== Segment start ==

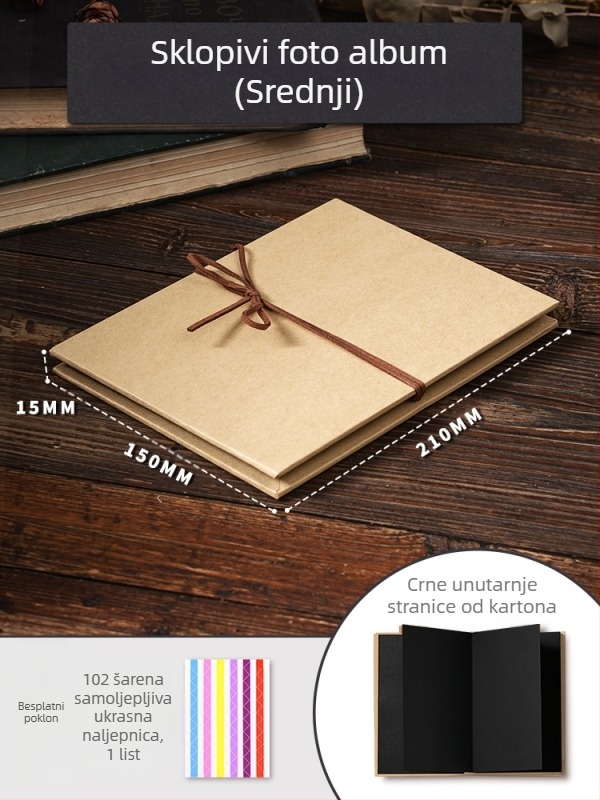 DIY retro fotoalbum s praznom koricom, ručno zalijepljenim stranicama, mini stil, 34 stranice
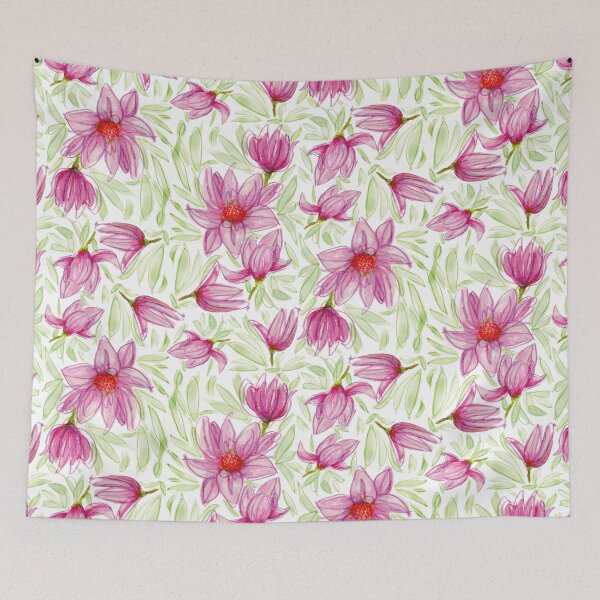 Item preview, Pink Magnolias whimsy watercolor painting designed and sold by JaanaHalme.
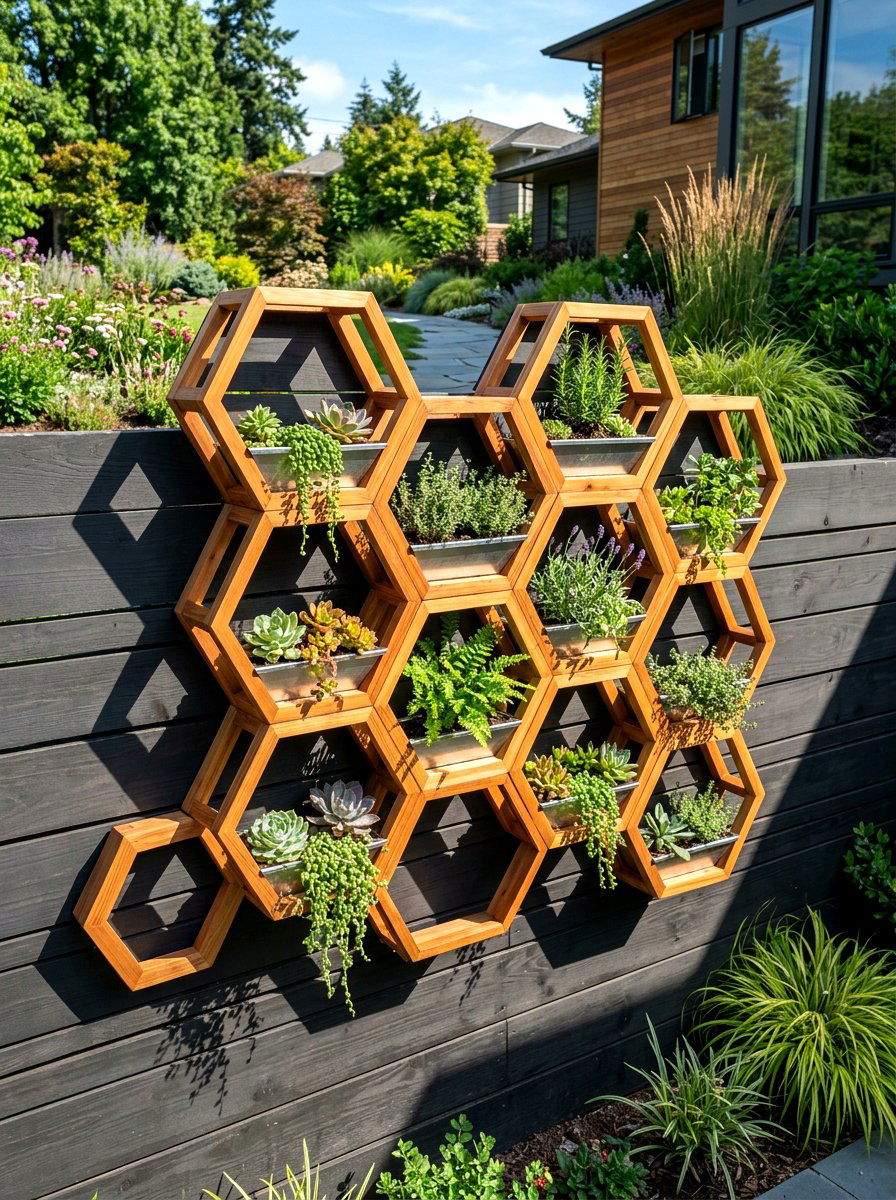 Geometric Wood Wall Planter - 30 fence vertical garden ideas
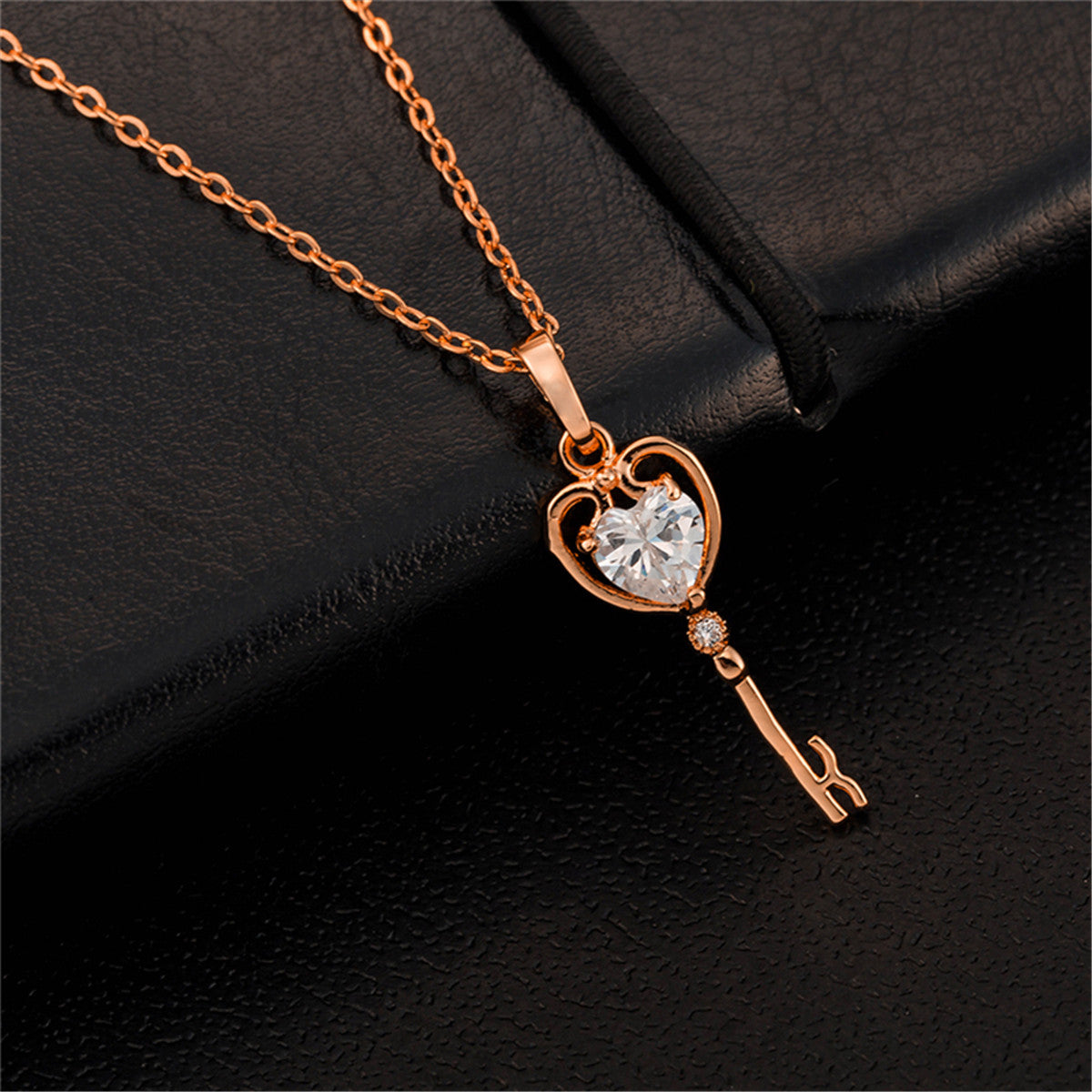 White Crystal and 18K Rose Gold-Plated Key Pendant Necklace, rose gold pendant necklace for women, lifestyle look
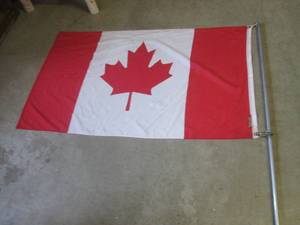 lot 151 image: (F-3) 3 ft x 5 ft Canadian Flag with 10 ft Pole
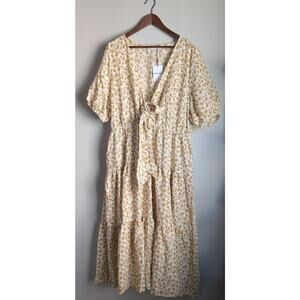 Showpo Alena Midi Dress Size 16 Short Puff Sleeve Tie Front Tiered Dress Floral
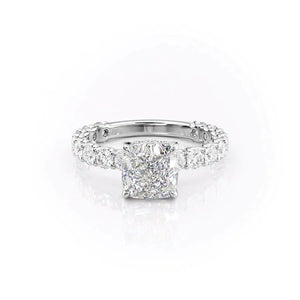The Adelle Set With A 3 Carat Cushion 18K White Gold Lab Diamond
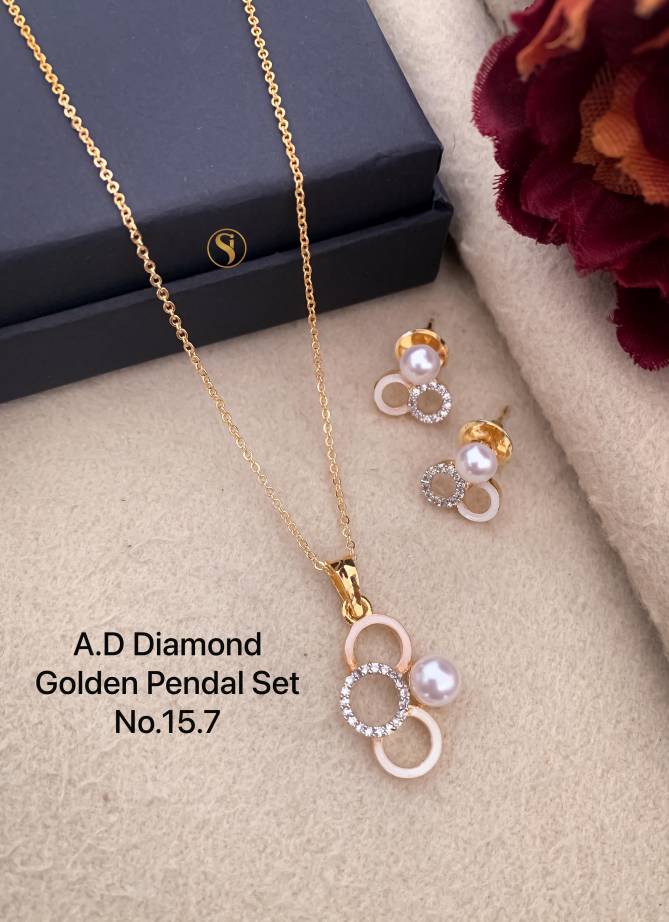 5 AD Diamond Golden Pendant Set Wholesale Price In Surat
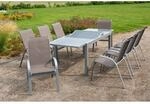 Merxx Gartenm&ouml;bel-Set Amalfi 9-tlg. Taupe mit Ausziehtisch 180/240 x 100 cm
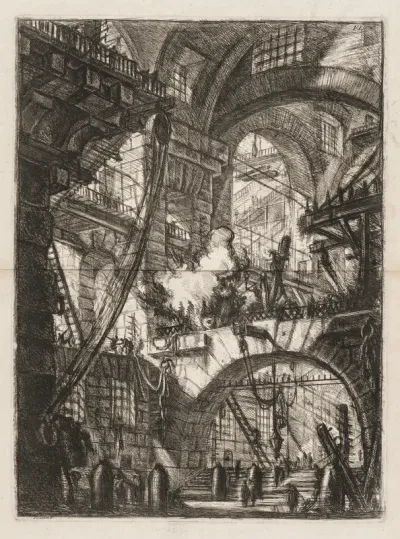 The Prisons:  A Perspective of Arches with a Smoking Fire in the Center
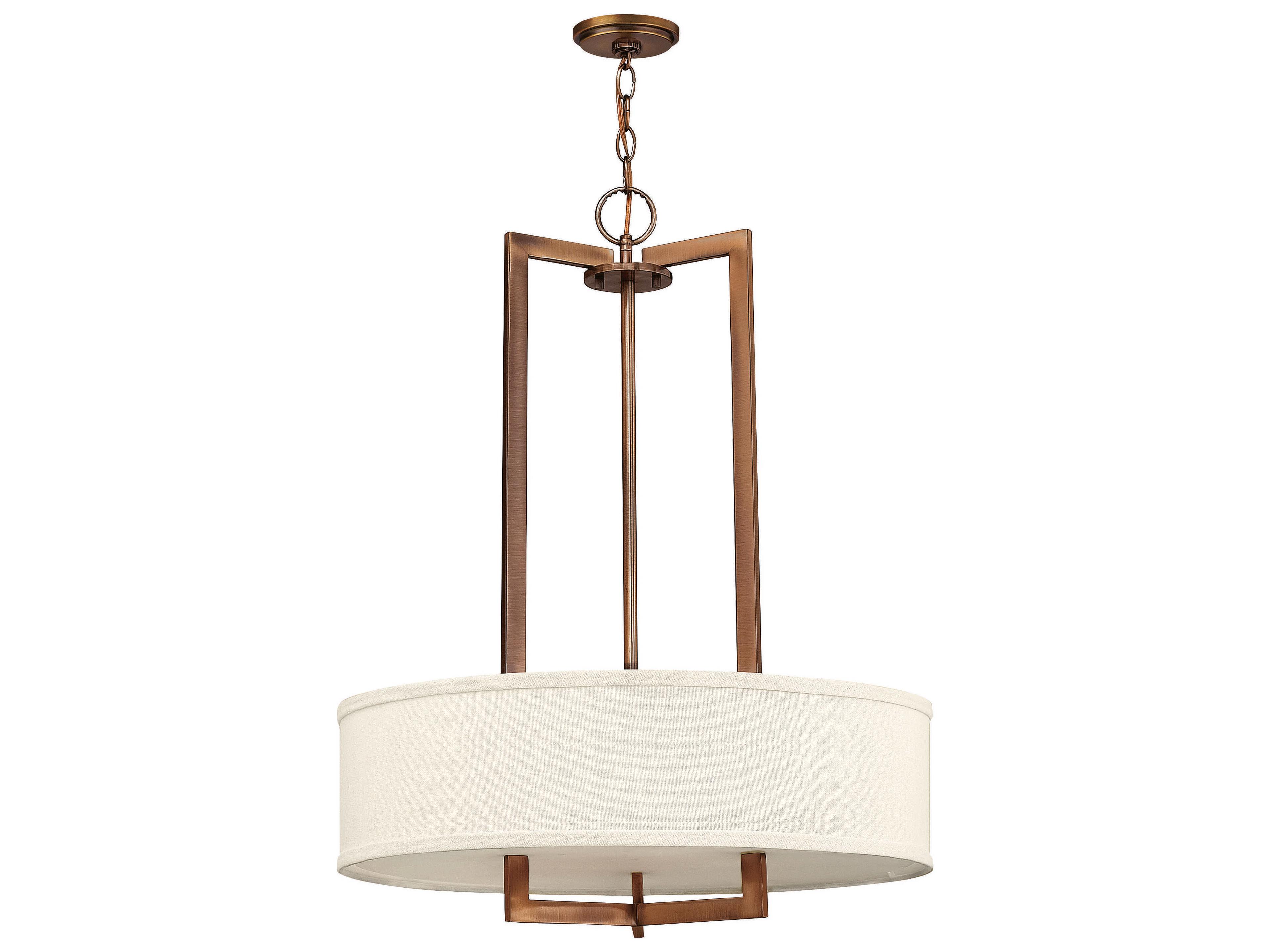 Hampton 3-Light Brushed Bronze Drum Pendant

== Segment end ==

Exercise objective >> Could you output every record above exactly as written, leaving out the pictures?

Response to this exercise >>
 DIY retro fotoalbum s praznom koricom, ručno zalijepljenim stranicama, mini stil, 34 stranice
 Item preview, Pink Magnolias whimsy watercolor painting designed and sold by JaanaHalme.
 Geometric Wood Wall Planter - 30 fence vertical garden ideas
 White Crystal and 18K Rose Gold-Plated Key Pendant Necklace, rose gold pendant necklace for women, lifestyle look
 lot 151 image: (F-3) 3 ft x 5 ft Canadian Flag with 10 ft Pole
 Showpo Alena Midi Dress Size 16 Short Puff Sleeve Tie Front Tiered Dress Floral
The Adelle Set With A 3 Carat Cushion 18K White Gold Lab Diamond
 5 AD Diamond Golden Pendant Set Wholesale Price In Surat
 Merxx Gartenm&ouml;bel-Set Amalfi 9-tlg. Taupe mit Ausziehtisch 180/240 x 100 cm
 The Prisons:  A Perspective of Arches with a Smoking Fire in the Center
 Hampton 3-Light Brushed Bronze Drum Pendant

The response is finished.